Close

The Most Important Similarity Between Top-Performing Financial and Insurance Advisors

This is part two of our four part miniseries on technology and how it can help financial advisors grow their books. For part one, check out our post from last week titled “the Best Practices to Build a Successful Online Presence as a Financial Advisor.” That post delved into how advisors can create a strong brand online and generate leads into their pipeline. Today, we’re going to focus on the value of processes and the technologies that can help you get there. Enjoy!

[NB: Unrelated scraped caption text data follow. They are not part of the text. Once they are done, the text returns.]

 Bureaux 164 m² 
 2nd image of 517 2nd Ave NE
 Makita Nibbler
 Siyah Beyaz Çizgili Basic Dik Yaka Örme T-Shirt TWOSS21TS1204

Growth is hard, process is everything

As many of my blog readers know, I spent time as a venture capitalist focused on early-stage tech companies prior to joining Finaeo. This involved working closely with portfolio companies that were growing rapidly and was an incredible learning for understanding growth. One of the most common problems I saw occurred during a company’s first big growth spurt, when a company was transitioning from a few customers to many customers. A team has one person, usually the CEO, in charge of big accounts. There are other early founders and employees who may run marketing, customer success, product, etc. But things are clearly manageable. When you have three big accounts, it’s not very difficult to ensure that you keep a proper follow-up and meeting cadence with each one. The problems begin when three becomes 300, and all of a sudden, you can’t just easily remember who’s next on the list. It’s, ultimately, a problem of scaling. As growth speeds up, the CEO fails to keep up with all of the accounts. She starts forgetting follow-ups, missing up-sell opportunities, and messing up deals. It’s not the CEO’s fault, she’s being dragged in 15 directions an hour. The rest of the team faces similar challenges. It’s a lot easier to run customer success with ten clients than with fifty. It’s much more doable to send personalized emails to the 20 website leads compared to 2000. The first solution companies often went to was a mad rush to hire. This often addressed the symptom but not the cause. Often, the cause was simply that the processes lived inside someone’s head, instead of on paper. When more people were added to help, the first roadblock in their way was a lack of clear, procedural guidance. 

As I said, scaling is hard. It is very, very hard. This is true whether you are running an early stage technology company or whether you are an advisor trying to grow your book. Yet, growth can be managed intelligently or it can be done in an ad hoc manner which leaves much to be desired. With my portfolio companies, one of the things we always worked towards was towards building out their processes. If you’ve ever talked to me, this is no surprise. The Finaeo office has a habit of calling me “Bega-bot” because of my natural inclination towards processes. But this love has been developed through hard-won experience. People and places that lack processes can only grow so far before they start making mistakes. Think about the number of times you have forgotten a follow-up, or taken too long to respond, and lost that client forever. Left to our natural devices, it happens to us all. There is simply a finite limit to how much we can actually remember to do.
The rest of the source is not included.